►

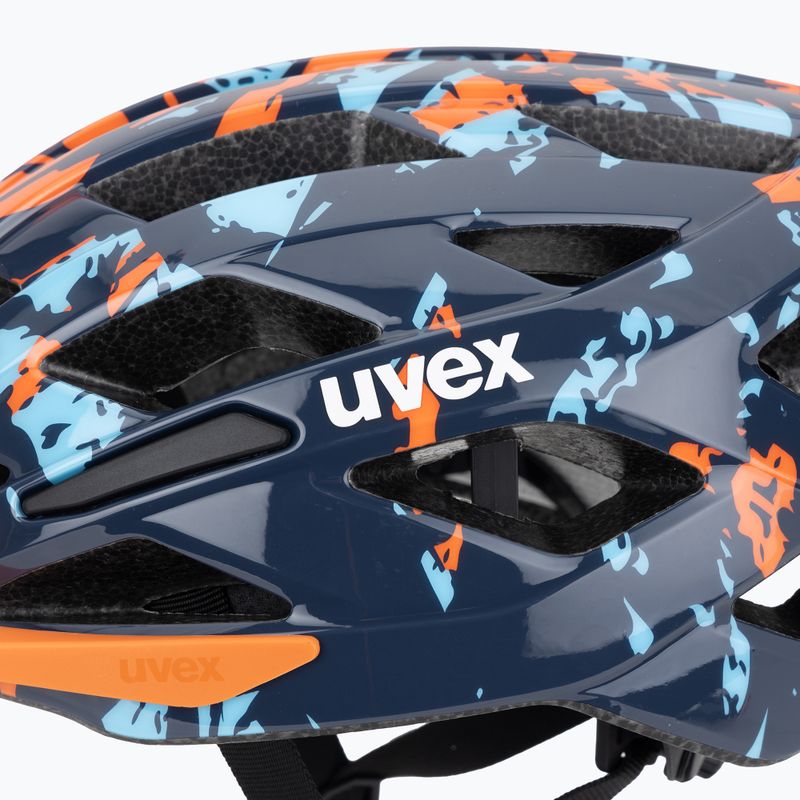 Vaikiškas dviratininko šalmas UVEX Air Wing 2 papaya/bubble blue 7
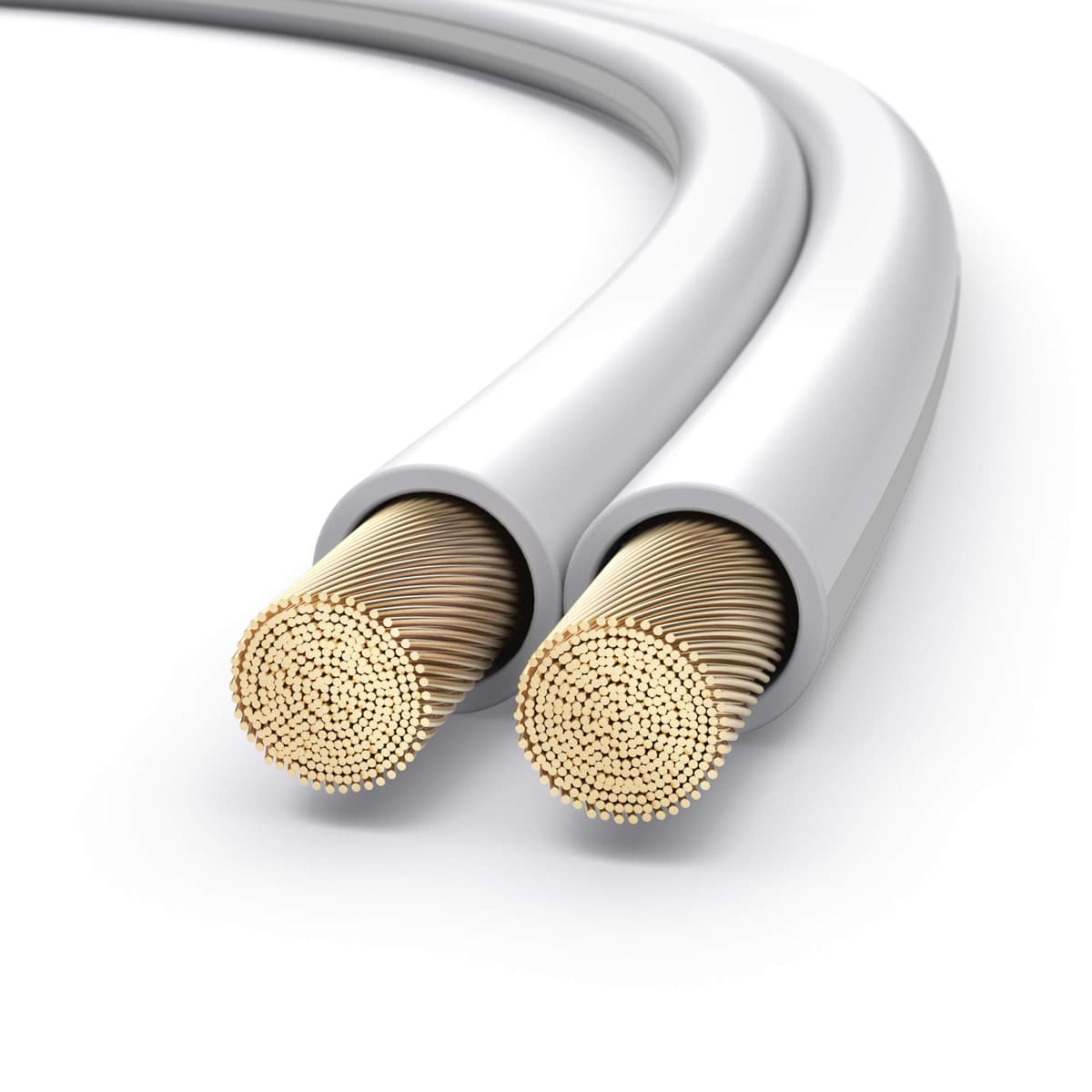 PureLink Speaker Cable OFC 2 x 2.50 mm² (0.20 mm) 20.0 m White Set of 8 Banana Plugs — view 2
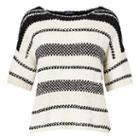 Polo Ralph Lauren Boxy Cotton-blend Sweater White/black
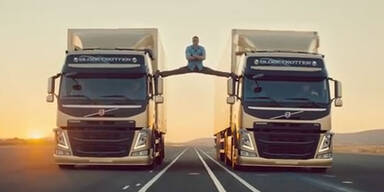 Van Damme begeistert in Volvo-Spot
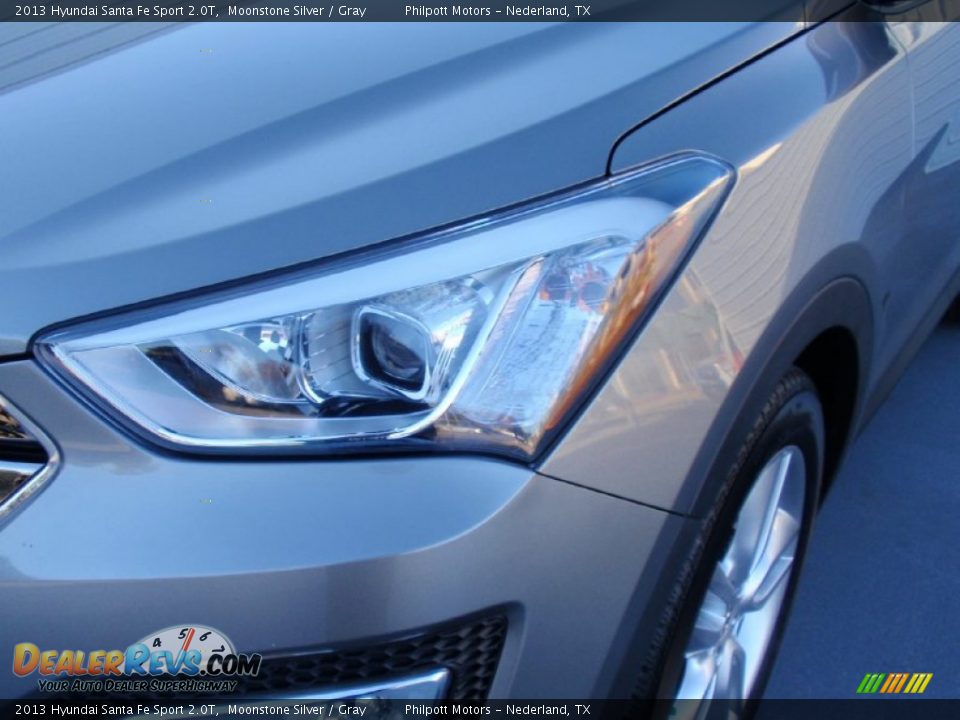 2013 Hyundai Santa Fe Sport 2.0T Moonstone Silver / Gray Photo #8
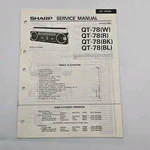 Oem Sharp Service Manual QT-78(W) QT-78(R) QT-78(BK) QT-78(BL) Am/fm Boombox Vtg. Fixed Price $9.71.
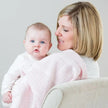 Lulujo Newborn Bundle Cellular Blanket Pink & Swaddle Blankets (3pack 120x120cm) White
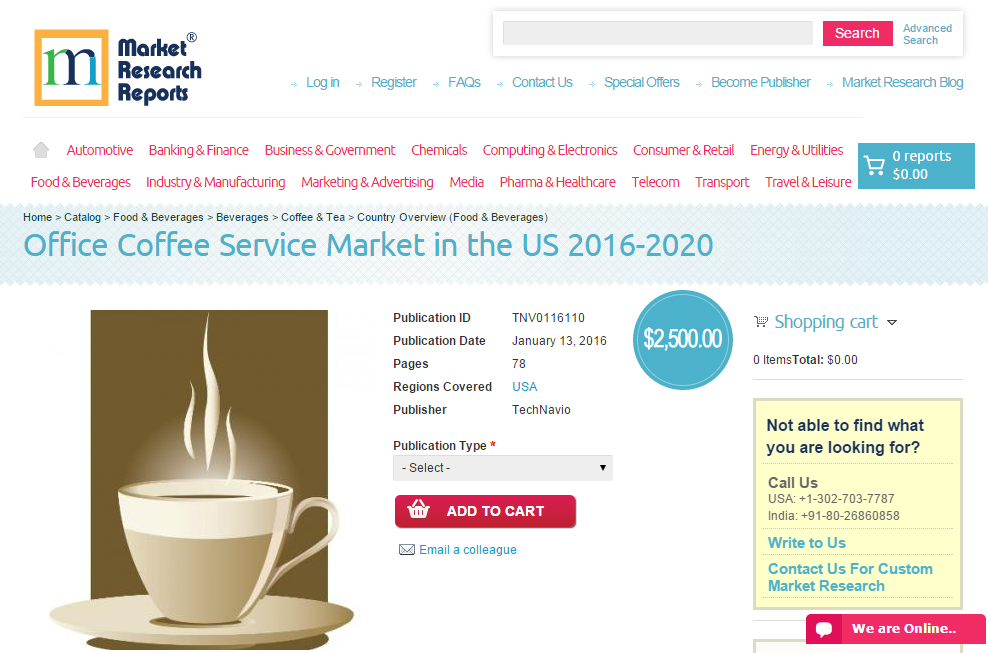 Office Coffee Service Market in the US 2016 - 2020
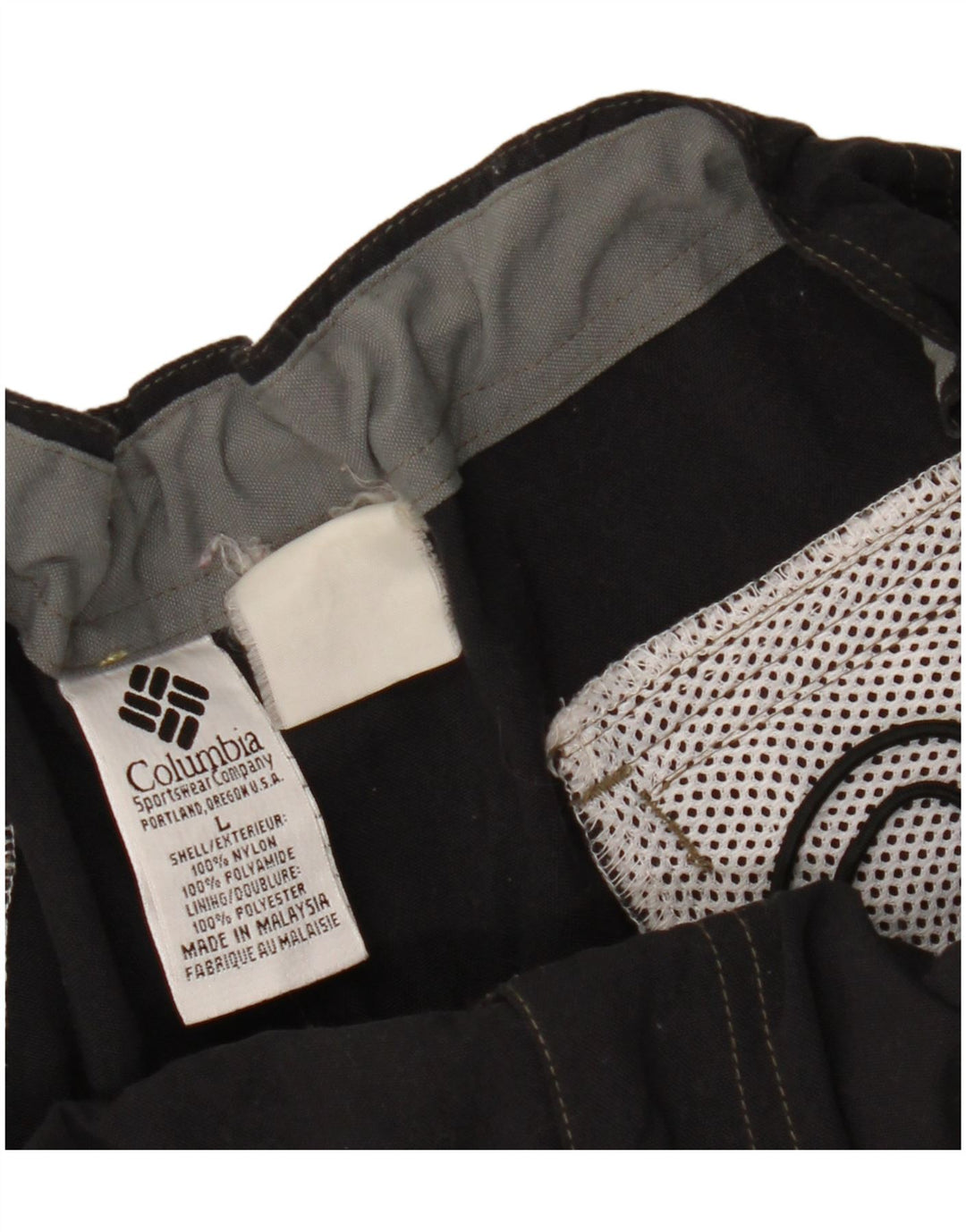 COLUMBIA Mens Windbreaker Trousers Large  Black Nylon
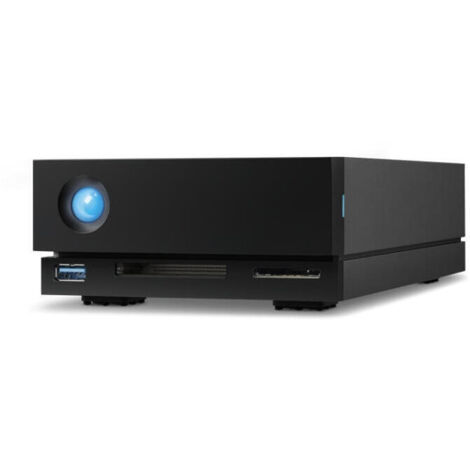 LaCie 1big Dock STHS10000800 - Orden unidad de disco duro - 10 TB - 1 compartimentos (SATA-600) - HDD 10 TB x 1 - USB 3.1, Thunderbolt 3 (externo) - c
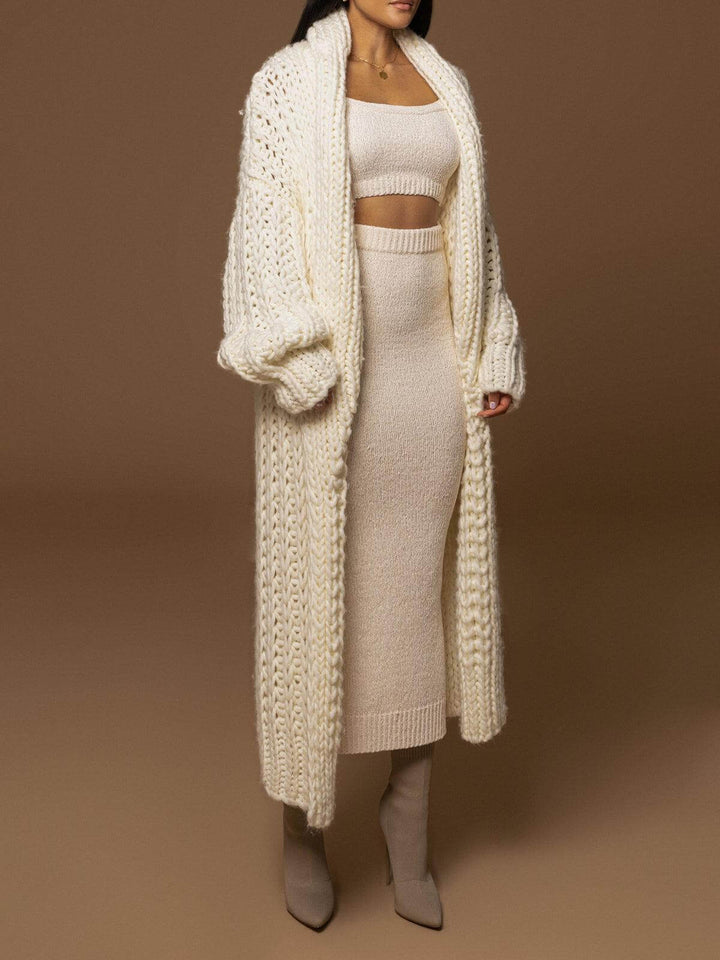 Ivory™| Knit Coat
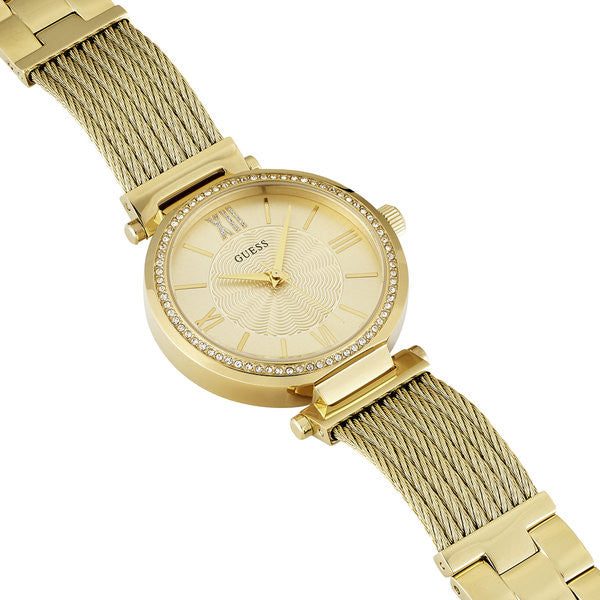 Montre femme Guess réf. W0638L2, mouvement quartz, acier inoxydable – quatrième vue – Horlova Maroc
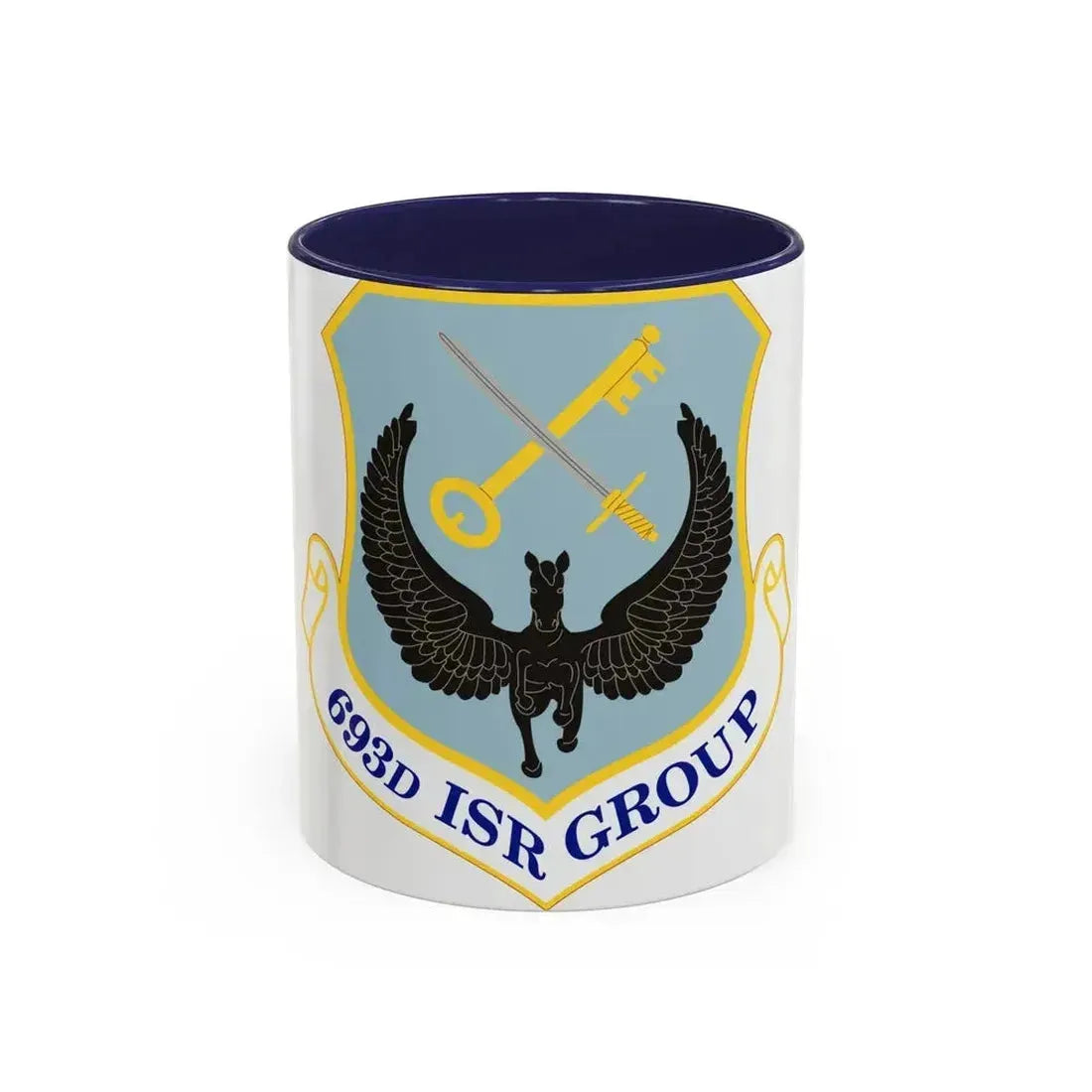 693 Intelligence Surveillance and Reconnaissance Group ACC (U.S. Air Force) Accent Coffee Mug 11oz Navy - Go Mug Yourself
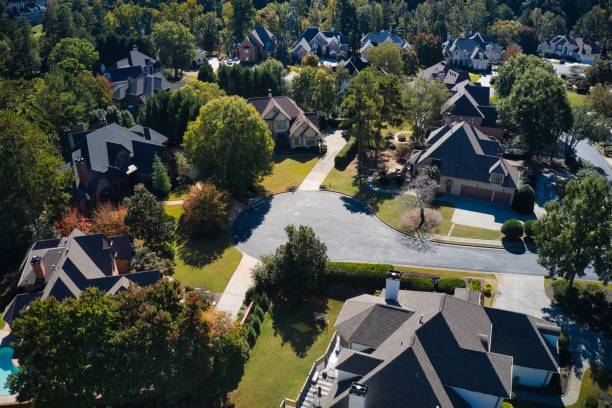 istock Aerial view of an upscale subdivision. 1433668194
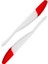 Silikon Kurt Yem - 3,3g 95MM - Fishack Wormix - 1 Adet - Red White 2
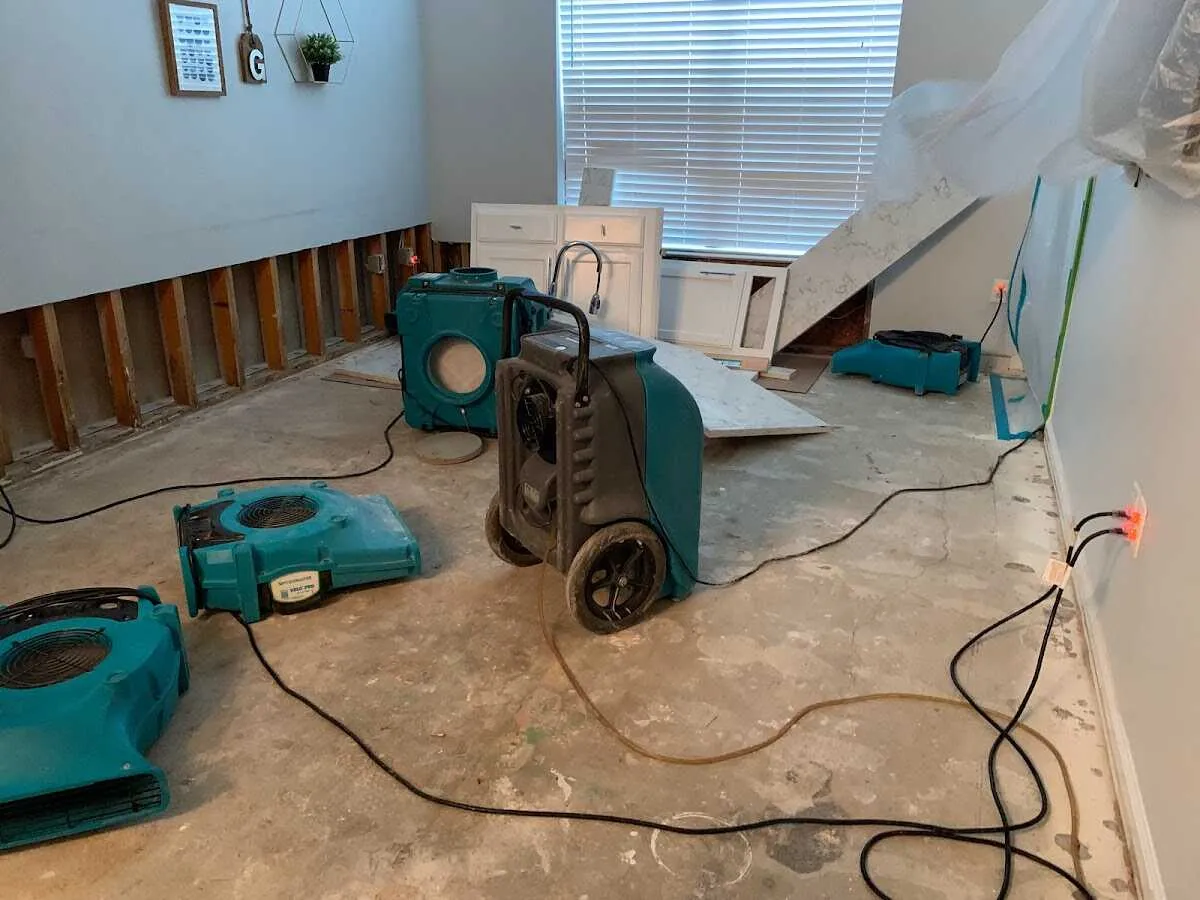 Dehumidifier in flood-cut room for Water Extraction & Removal in Arroyo Grande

◄

• **WHAT YOU ARE ASKED TO DO**
Only the lines starting at the one that includes "COLUMBIA Mens Windbreaker" and ending at the one that includes "693 Intelligence Surveillance" should be retyped, exactly, from the records above; no pictures.

• **REPLY TO THE TASK**
 COLUMBIA Mens Windbreaker Trousers Large  Black Nylon
 LaCie 1big Dock STHS10000800 - Orden unidad de disco duro - 10 TB - 1 compartimentos (SATA-600) - HDD 10 TB x 1 - USB 3.1, Thunderbolt 3 (externo) - c
 Ivory™| Knit Coat
 Montre femme Guess réf. W0638L2, mouvement quartz, acier inoxydable – quatrième vue – Horlova Maroc
 693 Intelligence Surveillance and Reconnaissance Group ACC (U.S. Air Force) Accent Coffee Mug 11oz Navy - Go Mug Yourself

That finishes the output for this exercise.